26 Febbraio 2012 Articoli per Il Gazzettino del Tirreno


Hanno animato il convegno Nicola Calabria, Gloria Faustini e Fabio Fornasari, quest’ultimo in luogo di Nino Lo Iacono ( assente per sopraggiunti impegni ).
Ad aprire i lavori del dibattito è stata la padrona di casa, Gloria Faustini, responsabile del Centro Culturale “Antica Casa Mangiò.
Primo argomento ad essere introdotto dalla Faustini è quello sui bombardamenti che interessarono la Città di Patti dal 9 al 12 Agosto del 1943. Dalle fonti ( libri e documenti ) non risultava che questi bombardamenti avessero prodotto vittime; tuttavia – spiega la Faustini, sono numerose le testimonianze dirette raccolte.
Una delle ipotesi proposte dalla relatrice in merito al silenzio sulle vicende di quei giorni, è che abbia, probabilmente, strette connessioni con le fonti della storia locale.
Invitata senza troppa convinzione a cercare nei registri di morte, la Signora Faustini, con un lavoro di ricerca certosino, riesce a trovare ben 13 sicuri certificati di morte fra il 9 e il 12 Agosto 43, tutti recanti nomi, date di nascita, mestiere e razza ( “ariana” per tutti i tredici casi ), quest’ultimo dato – per quanto possa farci impressione – obbligatorio per i registri di morte di quegli anni.
Nel registro di morte – prosegue Faustini – non c’è la causa di morte, ma un dato certamente rilevante è che queste morti siano avvenute tutte negli stessi giorni alla medesima ora.
In verità sono numerosi i libri e i documenti prodotti su quelle giornate: 1) L’atto dei bombardamenti redatto dal Sindaco dell’epoca, Attilio Cappadona, nominato dal Comando Alleato, nel quale si omette ogni riferimento alle vittime. 2) Michele Mancuso, nel suo romanzo “Una lontananza di anni luce” sostiene che non ci furono vittime. 3) Riccardo Magistri rievocando quei giorni non fa alcune menzione di vittime. 4) Giovanni Sandro Infirri, nella sua relazione sulle vicende di guerra, non fa menzione di vittime.

La Faustini conclude questa prima parte della relazione con una domanda precisa: <<Come si scrive la storia locale?

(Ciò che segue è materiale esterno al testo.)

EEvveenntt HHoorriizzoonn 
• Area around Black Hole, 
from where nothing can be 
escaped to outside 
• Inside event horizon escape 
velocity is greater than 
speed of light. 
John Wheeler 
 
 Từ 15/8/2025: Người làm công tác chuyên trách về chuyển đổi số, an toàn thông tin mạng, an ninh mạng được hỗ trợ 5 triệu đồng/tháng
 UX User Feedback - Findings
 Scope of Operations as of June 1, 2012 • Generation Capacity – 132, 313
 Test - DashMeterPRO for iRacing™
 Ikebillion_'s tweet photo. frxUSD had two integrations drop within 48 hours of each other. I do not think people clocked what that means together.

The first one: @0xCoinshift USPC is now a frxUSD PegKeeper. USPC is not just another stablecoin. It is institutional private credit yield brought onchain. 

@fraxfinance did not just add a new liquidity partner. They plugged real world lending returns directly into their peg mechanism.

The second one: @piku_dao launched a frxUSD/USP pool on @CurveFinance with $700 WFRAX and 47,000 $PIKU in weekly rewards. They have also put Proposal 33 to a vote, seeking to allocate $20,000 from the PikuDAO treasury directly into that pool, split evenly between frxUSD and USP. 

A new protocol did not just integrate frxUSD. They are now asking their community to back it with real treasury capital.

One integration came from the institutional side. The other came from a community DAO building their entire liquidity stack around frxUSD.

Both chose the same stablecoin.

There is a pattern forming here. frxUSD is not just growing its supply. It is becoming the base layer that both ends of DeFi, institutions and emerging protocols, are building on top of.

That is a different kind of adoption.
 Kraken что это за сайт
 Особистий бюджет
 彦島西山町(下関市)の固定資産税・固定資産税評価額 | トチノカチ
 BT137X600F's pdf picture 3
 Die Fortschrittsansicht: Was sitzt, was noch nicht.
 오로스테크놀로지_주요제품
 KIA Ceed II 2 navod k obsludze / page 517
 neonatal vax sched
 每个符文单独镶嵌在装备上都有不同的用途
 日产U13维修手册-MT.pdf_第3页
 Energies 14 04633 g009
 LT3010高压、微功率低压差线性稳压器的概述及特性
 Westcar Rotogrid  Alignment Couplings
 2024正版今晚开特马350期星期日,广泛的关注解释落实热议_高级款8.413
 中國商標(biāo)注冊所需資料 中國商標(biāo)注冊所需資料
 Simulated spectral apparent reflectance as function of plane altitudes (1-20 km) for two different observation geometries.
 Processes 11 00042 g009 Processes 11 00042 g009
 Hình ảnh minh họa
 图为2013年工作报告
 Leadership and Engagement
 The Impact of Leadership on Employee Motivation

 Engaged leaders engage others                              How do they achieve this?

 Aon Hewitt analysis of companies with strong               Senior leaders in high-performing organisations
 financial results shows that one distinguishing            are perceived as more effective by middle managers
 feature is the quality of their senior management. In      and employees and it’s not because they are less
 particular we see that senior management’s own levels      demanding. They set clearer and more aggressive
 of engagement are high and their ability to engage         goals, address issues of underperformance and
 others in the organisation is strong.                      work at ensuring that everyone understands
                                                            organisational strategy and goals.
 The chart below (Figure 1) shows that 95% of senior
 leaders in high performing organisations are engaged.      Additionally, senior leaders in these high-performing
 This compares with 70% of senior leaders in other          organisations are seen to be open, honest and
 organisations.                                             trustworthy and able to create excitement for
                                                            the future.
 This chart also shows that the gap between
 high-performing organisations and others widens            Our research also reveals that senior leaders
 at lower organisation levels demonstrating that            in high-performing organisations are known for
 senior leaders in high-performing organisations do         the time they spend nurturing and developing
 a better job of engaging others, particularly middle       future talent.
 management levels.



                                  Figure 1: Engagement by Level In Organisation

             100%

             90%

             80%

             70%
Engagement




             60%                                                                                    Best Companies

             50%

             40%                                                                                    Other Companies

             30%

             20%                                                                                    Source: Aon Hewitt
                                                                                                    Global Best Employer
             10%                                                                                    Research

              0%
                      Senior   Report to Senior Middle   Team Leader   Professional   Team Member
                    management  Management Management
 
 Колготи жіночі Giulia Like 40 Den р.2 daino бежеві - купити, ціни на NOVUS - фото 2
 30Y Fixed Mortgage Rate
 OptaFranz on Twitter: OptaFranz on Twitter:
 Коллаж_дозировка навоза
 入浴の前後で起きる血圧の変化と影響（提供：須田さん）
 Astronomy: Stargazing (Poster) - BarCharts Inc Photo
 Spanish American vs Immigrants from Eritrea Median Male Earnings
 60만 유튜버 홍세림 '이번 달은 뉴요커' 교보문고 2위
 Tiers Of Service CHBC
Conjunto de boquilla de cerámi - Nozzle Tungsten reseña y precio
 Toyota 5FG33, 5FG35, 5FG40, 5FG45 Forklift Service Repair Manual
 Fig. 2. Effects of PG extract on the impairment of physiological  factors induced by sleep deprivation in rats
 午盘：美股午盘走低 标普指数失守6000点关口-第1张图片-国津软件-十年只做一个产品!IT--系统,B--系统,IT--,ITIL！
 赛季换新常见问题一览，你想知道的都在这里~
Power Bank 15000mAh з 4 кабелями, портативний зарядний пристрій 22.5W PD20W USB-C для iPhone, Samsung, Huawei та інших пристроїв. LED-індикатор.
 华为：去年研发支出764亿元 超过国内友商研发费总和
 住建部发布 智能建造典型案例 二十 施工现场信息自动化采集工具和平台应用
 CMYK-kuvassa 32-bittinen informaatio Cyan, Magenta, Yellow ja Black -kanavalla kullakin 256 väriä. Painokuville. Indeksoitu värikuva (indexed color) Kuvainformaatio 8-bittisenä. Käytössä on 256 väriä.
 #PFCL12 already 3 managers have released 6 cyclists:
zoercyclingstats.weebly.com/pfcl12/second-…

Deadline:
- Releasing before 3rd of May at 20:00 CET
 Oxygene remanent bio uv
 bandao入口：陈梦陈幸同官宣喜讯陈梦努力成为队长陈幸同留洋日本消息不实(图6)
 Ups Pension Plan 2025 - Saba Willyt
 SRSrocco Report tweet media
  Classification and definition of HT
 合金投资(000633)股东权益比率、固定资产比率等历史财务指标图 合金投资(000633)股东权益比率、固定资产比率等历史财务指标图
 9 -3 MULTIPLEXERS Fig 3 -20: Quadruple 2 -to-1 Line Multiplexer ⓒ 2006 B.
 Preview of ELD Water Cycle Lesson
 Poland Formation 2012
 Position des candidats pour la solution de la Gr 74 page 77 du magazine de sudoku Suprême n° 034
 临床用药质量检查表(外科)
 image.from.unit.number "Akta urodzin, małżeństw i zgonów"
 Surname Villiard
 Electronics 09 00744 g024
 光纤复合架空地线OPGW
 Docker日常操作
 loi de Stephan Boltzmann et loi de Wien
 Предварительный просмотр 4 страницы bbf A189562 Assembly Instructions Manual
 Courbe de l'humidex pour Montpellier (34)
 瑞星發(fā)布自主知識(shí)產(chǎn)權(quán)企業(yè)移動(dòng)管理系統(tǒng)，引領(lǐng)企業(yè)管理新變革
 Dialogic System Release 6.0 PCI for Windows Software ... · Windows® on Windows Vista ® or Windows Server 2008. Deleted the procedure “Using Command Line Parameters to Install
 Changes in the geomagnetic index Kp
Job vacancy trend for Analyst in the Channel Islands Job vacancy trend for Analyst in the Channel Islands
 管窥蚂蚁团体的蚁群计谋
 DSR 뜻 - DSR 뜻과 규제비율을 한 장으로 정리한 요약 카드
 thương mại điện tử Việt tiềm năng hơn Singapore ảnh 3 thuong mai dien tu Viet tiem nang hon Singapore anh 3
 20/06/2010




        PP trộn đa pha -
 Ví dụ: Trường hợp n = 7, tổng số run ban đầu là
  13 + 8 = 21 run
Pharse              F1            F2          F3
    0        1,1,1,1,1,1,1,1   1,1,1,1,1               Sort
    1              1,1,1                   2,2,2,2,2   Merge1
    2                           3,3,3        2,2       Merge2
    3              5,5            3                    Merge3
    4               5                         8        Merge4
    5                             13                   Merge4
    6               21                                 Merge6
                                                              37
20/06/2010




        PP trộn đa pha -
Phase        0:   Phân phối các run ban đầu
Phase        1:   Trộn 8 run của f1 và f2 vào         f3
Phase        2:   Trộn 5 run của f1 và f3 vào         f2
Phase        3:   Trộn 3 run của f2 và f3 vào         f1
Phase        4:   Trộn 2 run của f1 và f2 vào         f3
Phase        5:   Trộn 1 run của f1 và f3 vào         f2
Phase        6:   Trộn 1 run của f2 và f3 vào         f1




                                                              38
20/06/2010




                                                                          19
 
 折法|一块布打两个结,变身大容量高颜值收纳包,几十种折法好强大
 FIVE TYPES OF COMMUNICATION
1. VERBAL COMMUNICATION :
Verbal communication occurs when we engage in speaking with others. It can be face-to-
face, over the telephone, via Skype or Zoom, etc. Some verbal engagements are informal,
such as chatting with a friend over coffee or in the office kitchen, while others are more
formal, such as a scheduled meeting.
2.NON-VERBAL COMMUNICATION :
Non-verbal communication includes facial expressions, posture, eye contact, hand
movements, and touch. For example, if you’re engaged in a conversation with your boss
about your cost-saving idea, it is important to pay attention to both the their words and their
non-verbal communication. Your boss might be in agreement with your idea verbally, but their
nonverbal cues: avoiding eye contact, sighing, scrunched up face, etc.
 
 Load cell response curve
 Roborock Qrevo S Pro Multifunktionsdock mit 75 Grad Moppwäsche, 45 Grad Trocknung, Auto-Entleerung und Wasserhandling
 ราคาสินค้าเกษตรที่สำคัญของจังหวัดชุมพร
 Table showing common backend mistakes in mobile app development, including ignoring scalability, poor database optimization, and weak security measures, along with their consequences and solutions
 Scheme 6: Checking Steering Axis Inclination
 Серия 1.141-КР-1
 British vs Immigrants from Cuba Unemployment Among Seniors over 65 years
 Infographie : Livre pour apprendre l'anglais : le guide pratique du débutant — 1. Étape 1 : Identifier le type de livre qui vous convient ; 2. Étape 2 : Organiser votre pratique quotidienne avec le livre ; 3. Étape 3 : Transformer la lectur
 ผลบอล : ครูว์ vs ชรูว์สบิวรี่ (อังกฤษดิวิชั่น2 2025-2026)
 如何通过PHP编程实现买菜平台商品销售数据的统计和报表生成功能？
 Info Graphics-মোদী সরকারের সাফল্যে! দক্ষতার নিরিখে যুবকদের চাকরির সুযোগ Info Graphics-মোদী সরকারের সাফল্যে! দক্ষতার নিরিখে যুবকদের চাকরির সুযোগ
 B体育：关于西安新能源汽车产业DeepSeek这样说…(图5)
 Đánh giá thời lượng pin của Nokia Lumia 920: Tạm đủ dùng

C’è bisogno di ricorrere ad altri elementi oltre alla ricerca negli archivi?>> Chiaro è qui il riferimento alle testimonianze dirette, da lei recuperate tramite interviste ai parenti delle vittime stesse, non senza una punta d’ironia e d’amarezza nei confronti di chi tratta la storia locale in base a dei criteri troppo rigidi. Non a caso cita acluni passi di un’opera – “Il lavoro culturale” – di Luciano Bianciardi in cui si fa riferimento a tre fazioni ( o tipi ) di “studiosi”, quella dei più giovani, quella degli “eruditi” e quella degli “archeologi”, ognuna delle quali arroccata su posizioni diverse e poco conciliabili fra loro.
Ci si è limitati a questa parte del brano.